«Le XXIe siècle sera spirituel ou ne sera pas».
André Malraux
Le film-brûlot islamophobe est un test pour tout le monde. De la gestion de la crise qu’il a provoquée, on saura si l’humanité entre de plain-pied dans un spiritualisme doux et apaisé ou si, au contraire, elle se dirige vers un obscurantisme aveugle.
Cette affaire ouvre le débat sur une série de concepts et de valeurs qui déterminent la nature de la relation dominant/dominé. Par dominant, on entend bien évidemment l’Occident qui tire la barque de l’humanité depuis quatre siècles, sans pour autant parvenir à l’amener à bon port. Les dominés sont tous les autres. Eux non plus ne peuvent pas prétendre apporter aux hommes une alternative plus reluisante.
Le film L’innocence des musulmans est une insulte avérée à des centaines de millions de croyants. Il serait impertinent, inefficace et improductif de discuter ce postulat de base. Car, du moment qu’une partie de l’humanité se sent offensée par cette mauvaise production cinématographique, il n’y a plus lieu d’essayer de la convaincre que son impression est inappropriée. C’est après ce constat que les problèmes commencent.
En Occident, les condamnations du film n’ont pas manqué, aussi bien au niveau des dirigeants politiques que des élites intellectuelles, académiques et culturelles. Mais la plupart de ces acteurs sociaux se sont réfugiés derrière le sacro-saint principe de la «liberté d’expression», pour justifier l’absence de sanctions contre les auteurs du film ou pour interdire, à ceux qui se sentent offensés, le droit d’exprimer leur colère et leur mécontentement.
Dans les deux cas de figure, il y a une bonne dose d’hypocrisie. Car si la liberté d’expression est un concept absolu et inaliénable, ceux qui veulent dénoncer le film doivent pouvoir en user autant que ceux qui l’ont produit ou qui le défendent. Sauf si cette liberté d’expression est réservée à une catégorie choisie d’hommes. Dans cette hypothèse, il ne s’agit plus d’un droit absolu et inaliénable, mais d’une valeur vécue sélectivement, «à la tête du client».
C’est malheureusement le cas.
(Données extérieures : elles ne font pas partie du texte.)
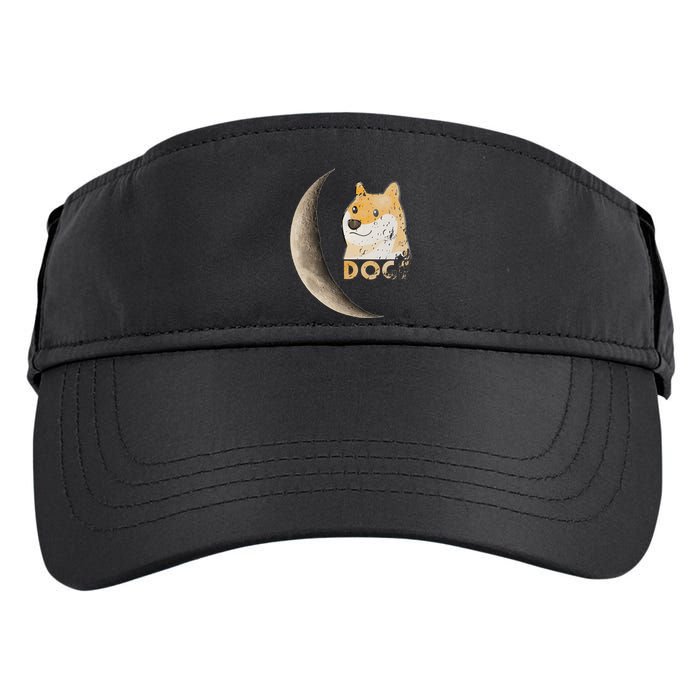 Dogecoin Doge Hodler Trader Dogecoin Moon Adult Drive Performance Visor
Lorsque le ministre français des Affaires étrangères, Laurent Fabius, invoque la liberté d’expression pour justifier l’impuissance des autorités à prendre des mesures contre le film islamophobe ou contre Charlie Hebdo, il oublie qu’il a lui-même contribué à «catégoriser» cette liberté. N’est-il pas l’un des initiateurs de la loi Fabius-Gayssot qui, en 1990, a criminalisé «le négationnisme», c’est-à-dire le fait de s’interroger sur une version bien déterminée de la Seconde Guerre mondiale… celle écrite par les vainqueurs? Quel que soit le jugement que l’on porte sur cette loi, nul ne peut nier qu’elle désacralise la liberté d’expression, lui impose des limites, des barrières, lui interdit certains domaines.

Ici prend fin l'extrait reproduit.